### STORED DATA

※ ※ ※

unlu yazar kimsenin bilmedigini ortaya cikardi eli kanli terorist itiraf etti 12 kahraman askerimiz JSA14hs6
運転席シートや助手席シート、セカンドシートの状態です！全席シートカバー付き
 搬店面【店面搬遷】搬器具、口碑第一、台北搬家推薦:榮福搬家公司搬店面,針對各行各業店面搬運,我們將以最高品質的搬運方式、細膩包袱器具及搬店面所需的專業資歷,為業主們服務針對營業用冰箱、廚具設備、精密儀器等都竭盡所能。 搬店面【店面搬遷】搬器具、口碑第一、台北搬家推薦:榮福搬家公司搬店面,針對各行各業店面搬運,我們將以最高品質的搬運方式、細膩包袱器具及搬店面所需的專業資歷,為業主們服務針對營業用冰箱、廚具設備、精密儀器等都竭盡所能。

※ ※ ※

### YOUR ASSIGNMENT
Exactly as written, transcribe each line of the data.

### WRITTEN ANSWER
unlu yazar kimsenin bilmedigini ortaya cikardi eli kanli terorist itiraf etti 12 kahraman askerimiz JSA14hs6
運転席シートや助手席シート、セカンドシートの状態です！全席シートカバー付き
 搬店面【店面搬遷】搬器具、口碑第一、台北搬家推薦:榮福搬家公司搬店面,針對各行各業店面搬運,我們將以最高品質的搬運方式、細膩包袱器具及搬店面所需的專業資歷,為業主們服務針對營業用冰箱、廚具設備、精密儀器等都竭盡所能。 搬店面【店面搬遷】搬器具、口碑第一、台北搬家推薦:榮福搬家公司搬店面,針對各行各業店面搬運,我們將以最高品質的搬運方式、細膩包袱器具及搬店面所需的專業資歷,為業主們服務針對營業用冰箱、廚具設備、精密儀器等都竭盡所能。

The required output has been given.